The Newton Wigner eigenstates are given by

[tex]\psi (x) = \sqrt{\omega (\vec{p})} e^{-i\vec{p}\cdot\vec{q_0}[/tex]

(a state localized at position [tex]q_0[/tex] at a time t).

Then the transformed state can be written as (in a basis [tex]{|\vec{q}\rangle}[/tex] of Newton Wigner eigenstates)

[tex]\langle \vec{q} | \psi '\rangle = \int \frac{d^3p}{(2\pi)^{3/2}\omega} \langle \vec{q}|\vec{p}\rangle \langle{\vec{p}|\psi '\rangle[/tex]

where [tex]\psi'[/tex] denotes the Lorentz transformed state.

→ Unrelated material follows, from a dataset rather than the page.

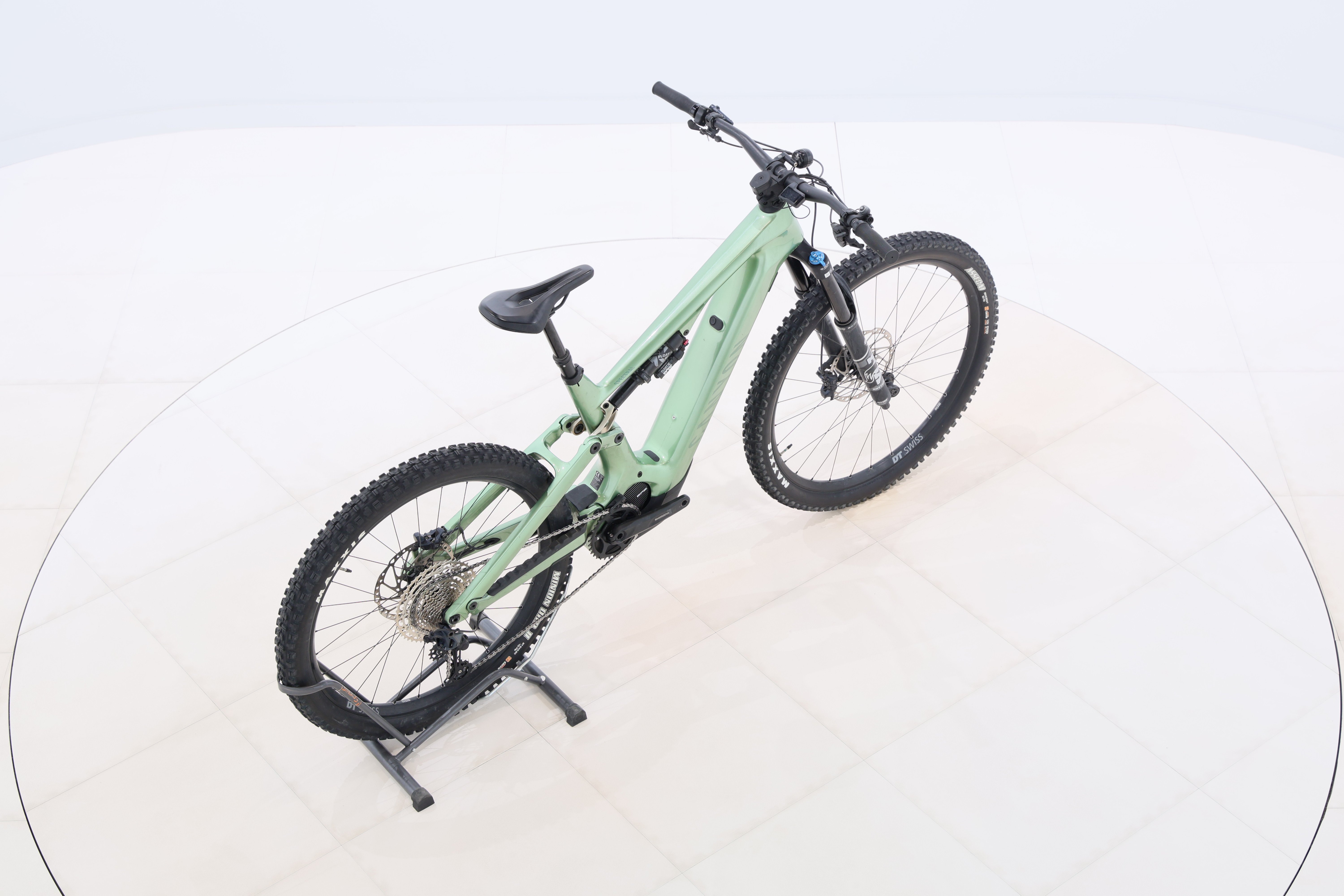 61e93d49-c6d0-4843-8402-73721ec269c6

The integral measure has a factor of [tex]\omega[/tex] in the denominator in order to be Lorentz invariant and [tex]\langle \vec{q}|\vec{p}\rangle = (2\pi)^{-3/2} e^{i\vec{p}\cdot\vec{q}}[/tex].

Unfortunately I do not succeed in evaluating the last inner product.

The whole integral in Mourad reads

[tex]\langle \vec{q} | \psi '\rangle = \sqrt{\gamma} \int \frac{d^3p}{(2\pi)^{3}} \sqrt{\left(1-\frac{\vec{\beta}\cdot\vec{p}}{\omega}\right)}e^{i\vec{p}\cdot (\vec{q}-\vec{q_0'})}[/tex]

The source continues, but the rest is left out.